Te hoge schatting van inkomen door inspecteur, matiging vergrijpboete

Te hoge schatting van inkomen door inspecteur, matiging vergrijpboete

Gegevens

Nummer
2024/816
Publicatiedatum
7 mei 2024
Auteur
Redactie
ECLI
ECLI:NL:RBZWB:2024:2713
Rubriek
Arbeid, loon en resultaat
Relevante informatie
Art. 6 AWR, Art. 67d AWR

Belanghebbende staat sinds 1 oktober 2018 bij de Kamer van Koophandel ingeschreven als handelaar in metalen. Belanghebbende is uitgenodigd, herinnerd en aangemaand tot het doen van aangifte IB/PVV 2018. Omdat geen aangifte is ingediend, heeft de inspecteur een kennisgeving ambtshalve aanslag IB/PVV 2018 met vergrijpboete verzonden. Daarna is met dagtekening 11 november 2021 de mededeling van de ambtshalve aanslag met vergrijpboete verzonden. Op 18 november 2021 dient belanghebbende een nihilaangifte in. Met dagtekening 8 december 2021 is de aanslag vastgesteld. Het verzamelinkomen is vastgesteld op € 45.012 bestaande uit een box 1-inkomen van € 45.000 en een box 3-inkomen van € 12. De nihilaangifte is als bezwaar tegen de ambtshalve aanslag aangemerkt. In bezwaar is het box 3-inkomen op nihil gesteld. Belanghebbende komt in beroep.

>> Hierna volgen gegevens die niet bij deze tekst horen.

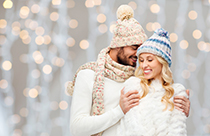 دانلود عکس استوک زن و مرد خندان با کلاه در زمستان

De rechtbank stelt vast dat belanghebbende niet heeft gereageerd op de uitnodiging tot het doen van aangifte. Daarom is in beginsel de vereiste aangifte niet gedaan. Weliswaar is op 18 november 2021 een aangifte ingediend maar op 11 november 2021 heeft de inspecteur reeds laten weten dat hij een ambtshalve aanslag met vergrijpboete zou gaan opleggen. Het opleggen van de aanslag was dus al in een dusdanig vergevorderd stadium dat de inspecteur bij het regelen van de aanslag geen rekening hoefde te houden met de aangifte. Vervolgens oordeelt de rechtbank dat de aanslag niet berust op een redelijke schatting. De inspecteur heeft de schatting niet met stukken of concrete gegevens onderbouwd. De enkele stelling dat de schatting is gebaseerd op een inkomen dat iemand in zijn algemeenheid per jaar nodig heeft om van te kunnen leven, is onvoldoende. De rechtbank acht een inkomen op bijstandsniveau redelijk en verlaagt het inkomen naar € 16.800.

De rechtbank overweegt dat belanghebbende is uitgenodigd, herinnerd en aangemaand om aangifte te doen en dat hij dit niet heeft gedaan. Daarmee is voldaan aan de voorwaarden voor het opleggen van een vergrijpboete, zodat deze terecht is opgelegd wegens het opzettelijk niet doen van aangifte. De rechtbank matigt de boete naar € 500 omdat de boetegrondslag is vastgesteld met omkering van de bewijslast. Voorts wordt de boete verder gematigd naar € 450 wegens overschrijding van de redelijke termijn.